## [DATA EXTRACT]

BEGIN

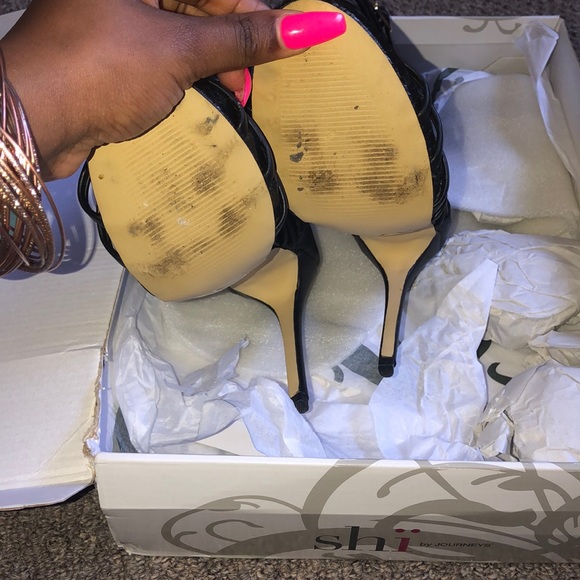 Upscale Heels - Picture 2 of 2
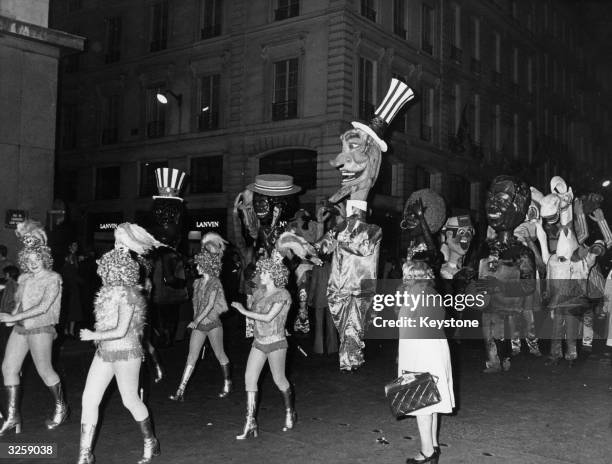Parade marches through the Faubourg Saint-Honore in Paris as part of the celebrations to mark the Bicentenary of American Independence.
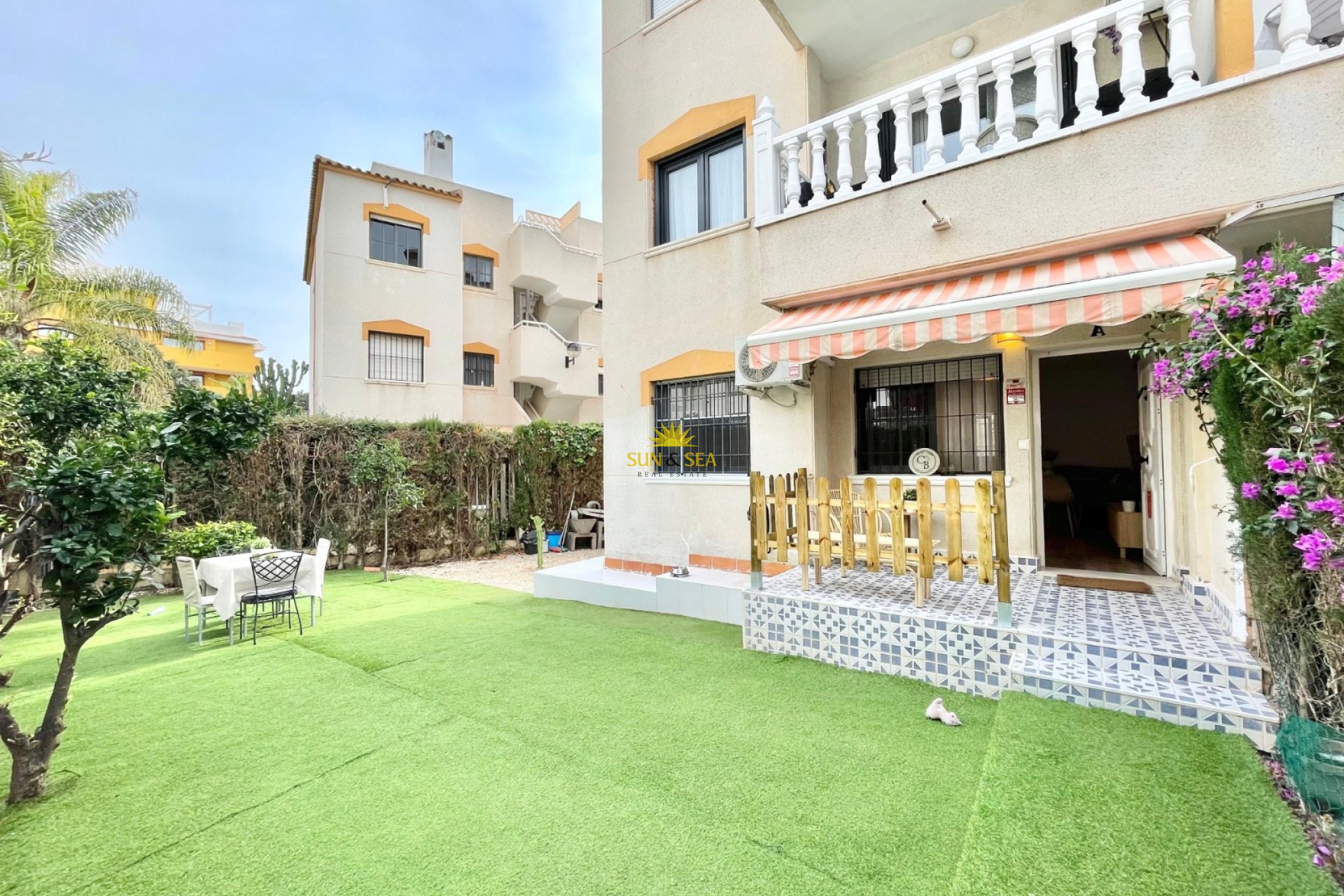 Alquiler a largo plazo - Ground Floor - Torrevieja - Punta prima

END

## [EXERCISE INSTRUCTIONS]
Top to bottom, retype the listing exactly but drop every picture.

## [EXERCISE RESPONSE]
 Upscale Heels - Picture 2 of 2
Parade marches through the Faubourg Saint-Honore in Paris as part of the celebrations to mark the Bicentenary of American Independence.
 Alquiler a largo plazo - Ground Floor - Torrevieja - Punta prima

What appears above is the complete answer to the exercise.